*What you will do:* Copy verbatim the block of lines in the entries below whose first line contains "Kylie Jenner Plastic surgery Before and after" and whose last line contains "โอเมทิซ คอลลาเจน แบบซองใหม่". Leave out all other lines.
=== Section Start ===
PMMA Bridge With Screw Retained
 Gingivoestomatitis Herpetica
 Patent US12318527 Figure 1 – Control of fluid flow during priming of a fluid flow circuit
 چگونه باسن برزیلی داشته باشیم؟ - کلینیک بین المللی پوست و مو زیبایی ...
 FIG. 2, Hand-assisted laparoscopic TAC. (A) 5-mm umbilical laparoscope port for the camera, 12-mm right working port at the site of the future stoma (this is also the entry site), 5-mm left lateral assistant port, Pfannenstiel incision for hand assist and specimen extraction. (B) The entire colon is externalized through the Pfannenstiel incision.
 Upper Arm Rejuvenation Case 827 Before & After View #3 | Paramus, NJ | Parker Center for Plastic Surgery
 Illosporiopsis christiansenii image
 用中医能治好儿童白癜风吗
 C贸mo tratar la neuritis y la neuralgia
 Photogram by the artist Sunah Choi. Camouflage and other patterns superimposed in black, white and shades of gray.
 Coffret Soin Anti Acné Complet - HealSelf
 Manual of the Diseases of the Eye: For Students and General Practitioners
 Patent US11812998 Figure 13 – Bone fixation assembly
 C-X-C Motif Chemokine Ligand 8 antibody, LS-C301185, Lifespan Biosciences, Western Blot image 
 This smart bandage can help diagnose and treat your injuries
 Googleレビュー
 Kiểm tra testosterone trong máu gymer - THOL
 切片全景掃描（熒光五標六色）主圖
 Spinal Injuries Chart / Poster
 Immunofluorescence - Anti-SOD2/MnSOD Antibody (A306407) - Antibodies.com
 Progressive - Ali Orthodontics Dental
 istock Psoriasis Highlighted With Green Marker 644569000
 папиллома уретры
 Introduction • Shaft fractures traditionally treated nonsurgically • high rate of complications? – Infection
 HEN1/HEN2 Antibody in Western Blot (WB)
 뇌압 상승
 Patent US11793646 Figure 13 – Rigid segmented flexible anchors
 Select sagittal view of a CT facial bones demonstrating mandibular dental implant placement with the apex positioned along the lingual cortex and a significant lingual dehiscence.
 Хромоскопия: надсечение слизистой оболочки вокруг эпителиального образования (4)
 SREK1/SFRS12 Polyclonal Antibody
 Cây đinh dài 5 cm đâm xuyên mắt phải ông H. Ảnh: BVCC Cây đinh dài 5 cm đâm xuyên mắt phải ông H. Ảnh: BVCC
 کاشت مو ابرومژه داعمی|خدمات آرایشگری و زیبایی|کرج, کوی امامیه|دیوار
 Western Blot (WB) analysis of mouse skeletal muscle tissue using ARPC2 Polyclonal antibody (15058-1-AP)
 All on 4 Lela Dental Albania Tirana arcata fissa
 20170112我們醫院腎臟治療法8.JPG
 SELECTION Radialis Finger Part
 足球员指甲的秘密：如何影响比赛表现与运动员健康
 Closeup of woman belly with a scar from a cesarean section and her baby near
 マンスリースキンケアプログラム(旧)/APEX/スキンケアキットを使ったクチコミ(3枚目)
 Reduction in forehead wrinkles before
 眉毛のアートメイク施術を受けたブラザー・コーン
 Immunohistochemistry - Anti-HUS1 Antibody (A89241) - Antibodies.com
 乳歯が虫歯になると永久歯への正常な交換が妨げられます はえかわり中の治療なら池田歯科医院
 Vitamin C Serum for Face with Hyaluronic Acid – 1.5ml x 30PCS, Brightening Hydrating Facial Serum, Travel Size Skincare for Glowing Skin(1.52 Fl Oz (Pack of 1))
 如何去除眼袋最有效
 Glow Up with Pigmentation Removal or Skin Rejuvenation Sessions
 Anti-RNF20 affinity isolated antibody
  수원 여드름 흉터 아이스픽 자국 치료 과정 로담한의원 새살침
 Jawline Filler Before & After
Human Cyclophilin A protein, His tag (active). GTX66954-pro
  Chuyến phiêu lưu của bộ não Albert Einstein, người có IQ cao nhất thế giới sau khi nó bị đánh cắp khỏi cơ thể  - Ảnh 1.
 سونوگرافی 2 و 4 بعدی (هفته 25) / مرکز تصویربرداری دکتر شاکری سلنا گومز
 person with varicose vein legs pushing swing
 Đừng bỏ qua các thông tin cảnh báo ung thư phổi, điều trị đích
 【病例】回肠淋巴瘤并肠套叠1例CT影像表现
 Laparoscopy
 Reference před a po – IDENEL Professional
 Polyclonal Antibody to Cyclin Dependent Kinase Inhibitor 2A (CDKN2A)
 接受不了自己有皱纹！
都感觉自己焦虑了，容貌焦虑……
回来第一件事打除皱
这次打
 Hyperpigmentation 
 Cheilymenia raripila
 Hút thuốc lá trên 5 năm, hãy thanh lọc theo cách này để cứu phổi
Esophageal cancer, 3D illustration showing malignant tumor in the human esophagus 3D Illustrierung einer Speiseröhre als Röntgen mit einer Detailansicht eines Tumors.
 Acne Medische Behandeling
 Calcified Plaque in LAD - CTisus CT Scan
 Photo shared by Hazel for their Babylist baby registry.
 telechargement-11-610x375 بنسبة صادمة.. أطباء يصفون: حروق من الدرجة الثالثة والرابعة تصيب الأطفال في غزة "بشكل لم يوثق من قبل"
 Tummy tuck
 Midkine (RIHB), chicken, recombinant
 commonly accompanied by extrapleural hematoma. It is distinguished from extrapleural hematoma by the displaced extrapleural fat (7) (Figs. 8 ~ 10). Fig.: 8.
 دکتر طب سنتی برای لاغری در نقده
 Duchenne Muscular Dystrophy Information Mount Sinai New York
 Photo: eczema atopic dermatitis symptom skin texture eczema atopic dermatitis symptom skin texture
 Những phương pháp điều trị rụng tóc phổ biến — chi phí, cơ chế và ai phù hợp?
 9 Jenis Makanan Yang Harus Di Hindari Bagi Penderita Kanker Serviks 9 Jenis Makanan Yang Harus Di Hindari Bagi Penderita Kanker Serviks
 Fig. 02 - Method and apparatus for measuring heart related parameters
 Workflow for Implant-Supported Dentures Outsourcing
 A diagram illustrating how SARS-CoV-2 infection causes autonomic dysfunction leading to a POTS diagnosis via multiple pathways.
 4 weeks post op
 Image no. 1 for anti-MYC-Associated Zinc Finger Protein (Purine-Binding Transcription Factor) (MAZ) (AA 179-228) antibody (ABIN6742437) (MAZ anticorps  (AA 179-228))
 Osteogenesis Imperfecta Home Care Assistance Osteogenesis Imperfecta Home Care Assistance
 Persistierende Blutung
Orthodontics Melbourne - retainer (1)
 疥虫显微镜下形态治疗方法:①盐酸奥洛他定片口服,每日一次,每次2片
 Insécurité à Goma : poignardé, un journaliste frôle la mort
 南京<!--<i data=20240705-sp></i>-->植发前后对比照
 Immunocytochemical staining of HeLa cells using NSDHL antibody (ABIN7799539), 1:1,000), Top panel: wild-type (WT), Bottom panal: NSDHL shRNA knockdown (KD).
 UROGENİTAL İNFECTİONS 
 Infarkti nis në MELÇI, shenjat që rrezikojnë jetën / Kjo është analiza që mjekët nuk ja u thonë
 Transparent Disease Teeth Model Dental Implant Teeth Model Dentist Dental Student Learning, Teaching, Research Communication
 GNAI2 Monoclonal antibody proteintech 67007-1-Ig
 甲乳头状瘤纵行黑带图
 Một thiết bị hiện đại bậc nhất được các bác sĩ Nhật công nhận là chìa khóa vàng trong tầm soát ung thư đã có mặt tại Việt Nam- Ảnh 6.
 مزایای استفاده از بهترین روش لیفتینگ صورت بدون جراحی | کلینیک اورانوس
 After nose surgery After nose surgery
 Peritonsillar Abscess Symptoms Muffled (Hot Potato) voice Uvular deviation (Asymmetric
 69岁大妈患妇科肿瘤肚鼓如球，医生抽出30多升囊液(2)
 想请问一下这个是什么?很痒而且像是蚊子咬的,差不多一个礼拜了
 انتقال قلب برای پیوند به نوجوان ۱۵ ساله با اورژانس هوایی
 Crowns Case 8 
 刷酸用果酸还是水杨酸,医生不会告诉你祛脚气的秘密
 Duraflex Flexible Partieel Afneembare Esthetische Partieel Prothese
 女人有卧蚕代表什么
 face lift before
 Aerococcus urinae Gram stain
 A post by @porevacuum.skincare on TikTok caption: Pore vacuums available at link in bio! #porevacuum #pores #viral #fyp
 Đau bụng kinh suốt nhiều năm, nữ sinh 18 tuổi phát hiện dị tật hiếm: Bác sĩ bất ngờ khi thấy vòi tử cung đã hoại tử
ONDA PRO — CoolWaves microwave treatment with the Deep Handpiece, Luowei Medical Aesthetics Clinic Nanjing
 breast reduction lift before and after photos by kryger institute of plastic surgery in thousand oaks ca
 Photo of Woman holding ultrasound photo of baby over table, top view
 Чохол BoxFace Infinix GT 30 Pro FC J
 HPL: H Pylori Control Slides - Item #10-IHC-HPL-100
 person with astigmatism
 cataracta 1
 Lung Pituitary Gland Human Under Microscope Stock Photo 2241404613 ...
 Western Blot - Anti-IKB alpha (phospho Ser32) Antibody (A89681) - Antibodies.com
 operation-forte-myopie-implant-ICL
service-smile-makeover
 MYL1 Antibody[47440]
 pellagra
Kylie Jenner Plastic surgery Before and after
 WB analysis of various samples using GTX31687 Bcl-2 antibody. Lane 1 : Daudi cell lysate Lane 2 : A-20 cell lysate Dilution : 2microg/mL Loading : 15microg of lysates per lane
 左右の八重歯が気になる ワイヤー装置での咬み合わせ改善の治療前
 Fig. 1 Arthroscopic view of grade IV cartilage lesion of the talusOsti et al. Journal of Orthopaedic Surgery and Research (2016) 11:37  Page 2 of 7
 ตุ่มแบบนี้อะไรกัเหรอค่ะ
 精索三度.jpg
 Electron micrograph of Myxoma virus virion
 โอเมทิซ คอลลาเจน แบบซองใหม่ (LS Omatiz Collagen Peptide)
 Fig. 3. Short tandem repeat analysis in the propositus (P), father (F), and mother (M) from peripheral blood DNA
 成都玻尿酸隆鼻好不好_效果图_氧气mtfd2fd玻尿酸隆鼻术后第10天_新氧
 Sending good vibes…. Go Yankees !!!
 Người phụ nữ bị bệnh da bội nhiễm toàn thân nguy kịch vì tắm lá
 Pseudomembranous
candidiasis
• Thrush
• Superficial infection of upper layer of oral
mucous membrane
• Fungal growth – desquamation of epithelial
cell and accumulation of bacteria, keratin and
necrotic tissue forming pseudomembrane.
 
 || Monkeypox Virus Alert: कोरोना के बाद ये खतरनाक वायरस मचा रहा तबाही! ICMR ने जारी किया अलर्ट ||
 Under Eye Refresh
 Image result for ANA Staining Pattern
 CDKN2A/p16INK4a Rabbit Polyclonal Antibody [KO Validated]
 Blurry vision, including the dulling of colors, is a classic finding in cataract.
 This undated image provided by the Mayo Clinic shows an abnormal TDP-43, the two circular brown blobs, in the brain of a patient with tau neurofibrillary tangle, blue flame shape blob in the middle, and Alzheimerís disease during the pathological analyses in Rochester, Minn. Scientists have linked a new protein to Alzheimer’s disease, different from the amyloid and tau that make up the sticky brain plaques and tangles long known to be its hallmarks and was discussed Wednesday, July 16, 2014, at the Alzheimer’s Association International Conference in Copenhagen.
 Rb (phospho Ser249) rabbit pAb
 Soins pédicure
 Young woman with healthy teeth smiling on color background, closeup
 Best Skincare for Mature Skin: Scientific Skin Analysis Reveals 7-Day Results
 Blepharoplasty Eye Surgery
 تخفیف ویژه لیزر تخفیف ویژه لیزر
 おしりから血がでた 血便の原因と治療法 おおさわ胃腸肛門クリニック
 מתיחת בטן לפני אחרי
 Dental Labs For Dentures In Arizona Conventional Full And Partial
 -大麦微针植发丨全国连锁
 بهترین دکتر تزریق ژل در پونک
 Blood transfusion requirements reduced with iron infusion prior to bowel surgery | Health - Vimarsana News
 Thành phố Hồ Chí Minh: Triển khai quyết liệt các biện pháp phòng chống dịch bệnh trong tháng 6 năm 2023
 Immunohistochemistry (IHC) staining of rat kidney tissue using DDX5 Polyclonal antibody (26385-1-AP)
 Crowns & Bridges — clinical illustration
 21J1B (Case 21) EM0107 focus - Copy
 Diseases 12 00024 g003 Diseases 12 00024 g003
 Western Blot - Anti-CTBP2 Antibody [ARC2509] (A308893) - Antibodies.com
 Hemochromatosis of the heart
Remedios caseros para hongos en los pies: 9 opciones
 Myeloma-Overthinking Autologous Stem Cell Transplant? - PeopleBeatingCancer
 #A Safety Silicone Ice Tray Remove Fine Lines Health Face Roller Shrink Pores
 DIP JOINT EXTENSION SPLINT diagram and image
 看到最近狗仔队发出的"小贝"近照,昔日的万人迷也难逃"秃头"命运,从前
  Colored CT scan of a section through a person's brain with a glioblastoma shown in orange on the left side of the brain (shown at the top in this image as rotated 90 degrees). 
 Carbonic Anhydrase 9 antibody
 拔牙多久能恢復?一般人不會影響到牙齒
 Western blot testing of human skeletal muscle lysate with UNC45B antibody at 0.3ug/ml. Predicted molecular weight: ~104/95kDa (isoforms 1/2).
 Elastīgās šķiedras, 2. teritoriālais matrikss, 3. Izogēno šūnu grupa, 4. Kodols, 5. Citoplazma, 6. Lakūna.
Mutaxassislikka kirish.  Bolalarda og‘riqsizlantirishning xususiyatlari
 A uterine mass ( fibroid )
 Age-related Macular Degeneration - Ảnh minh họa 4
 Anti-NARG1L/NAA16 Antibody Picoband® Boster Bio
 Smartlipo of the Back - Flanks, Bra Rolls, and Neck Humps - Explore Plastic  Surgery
=== Section End ===
*Result:*
Kylie Jenner Plastic surgery Before and after
 WB analysis of various samples using GTX31687 Bcl-2 antibody. Lane 1 : Daudi cell lysate Lane 2 : A-20 cell lysate Dilution : 2microg/mL Loading : 15microg of lysates per lane
 左右の八重歯が気になる ワイヤー装置での咬み合わせ改善の治療前
 Fig. 1 Arthroscopic view of grade IV cartilage lesion of the talusOsti et al. Journal of Orthopaedic Surgery and Research (2016) 11:37  Page 2 of 7
 ตุ่มแบบนี้อะไรกัเหรอค่ะ
 精索三度.jpg
 Electron micrograph of Myxoma virus virion
 โอเมทิซ คอลลาเจน แบบซองใหม่ (LS Omatiz Collagen Peptide)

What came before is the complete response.